According to informed estimates, there are 500,000 Roma in Slovakia and many of them live in rundown settlements in the eastern part of the country. Roma are largely undereducated and many live in poverty without proper housing. In some Roma settlements, unemployment is as high as 100 percent.

The officers would, according to Interior Ministry spokesman Boris Ažaltovič, work in the Roma community, especially in the Roma settlements, to "solve petty quarrels and possible transgressions against the law, and help to prevent illegal activities".

Some Roma settlements are also fighting problems with loan sharking, and the new officers would help address this issue as well.

According to the Interior Ministry's analysis, the success of the specialised officers, who are scheduled to start working by the end of 2007, depends on "at least partial acceptance by the Roma community of [the creation of] such positions in the police".

Initial reactions from Roma leaders showed that achieving this acceptance could prove a tough job.

"This is totally undemocratic and inhumane and it reminds us of fascist practices," said Alexander Patkoló, head of the Slovak Roma Initiative.

Ladislav Fízik, who leads the Roma Parliament, a union of several Roma parties, said: "I don't agree with the plan as described [by Interior Ministry officials]. Nobody knows what a specialist police officer would be and I am afraid that the Roma would not accept them."
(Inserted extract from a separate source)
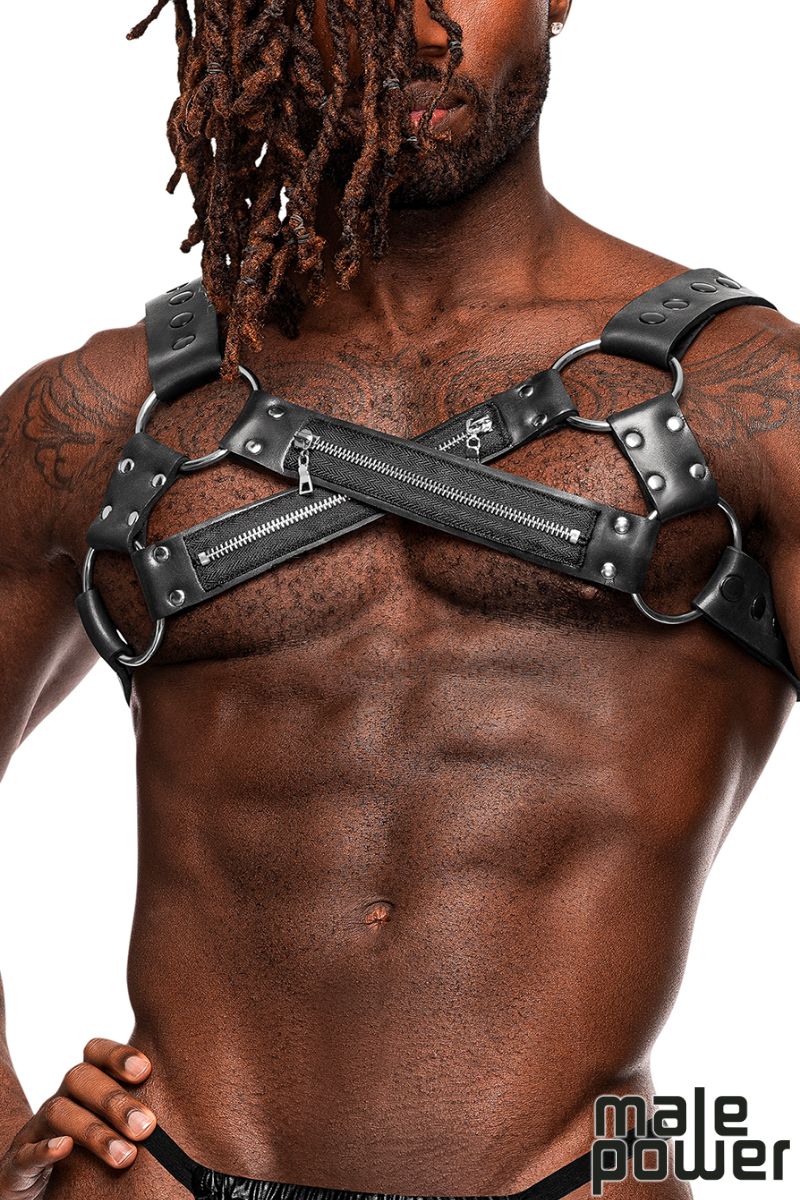 Picture of Accessorie, Fetish, Pu Leather Chest Zipper Harness, Black, O/S, -MP594-266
"We would prefer that skilled Roma were picked to work for the police because they would be more accepted by the community," Fízik said.

But Klára Orgovánová, the cabinet plenipotentiary for Roma communities, disagreed with the statements and said that she would be the first to protest against a project that would include elements of discrimination against the Roma.

Deputy PM for Human Rights Pál Csáky also backed the Interior Ministry's plan, stating that it was normal for specialist officers to receive specialist training.

The project of the special officers will be divided into three stages that will also involve several NGOs that deal with Roma issues and minority rights, such as the Inforoma foundation, Citizen and Democracy, and the Slovak Helsinki Committee.

Šarlota Pufflerová from the Citizen and Democracy NGO told The Slovak Spectator that the ministry had not officially contacted her organisation but added that they would be interested in helping to carry out the plan.

"We plan to prepare an educational project for the police and the Roma communities and we would gladly participate in the ministry's project," Pufflerová said.

She pointed out, however, that the initially negative reactions to the idea of special officers was possibly due to the negative connotation that the word specialist can have among the Roma.

"They feel as if something was being plotted against them. Perhaps if the idea was better communicated and the new policemen were called Roma cooperation officers or something in that sense, it would help make [the plan] acceptable to the Roma," she said.

Ažaltovič from the ministry insisted that the "Roma need not fear any misuse," and he said that the plan may be adjusted according to the advice the ministry wants to get from NGOs and Roma organisations.

"We plan to introduce the officers no earlier than 2007 so there is a lot of time to prepare everything so that Roma don't feel that this is aimed against them," Ažaltovič said on January 19.

He explained that the project is divided into three stages and that the ministry was only at the start of the first stage.

"We are aware that the officers cannot be successful without being fully or at least partially accepted by the Roma," he said.

"We hope that this plan can improve communication between the police and the Roma in settlements," Ažaltovič added.

Fízik from the Roma parliament noted, however, that to achieve better communication, police and the ministry must talk to the Roma communities and their leaders so that a more precise plan for assisting Roma can be put together.

"We want to contact the Interior Minister and present him with our suggestions. We think that it would be best if qualified Roma could become the officers because they are closer to the community and understand their needs," he said.

According to Ažaltovič, all applicants will be welcome to run for the posts once specific criteria are prepared.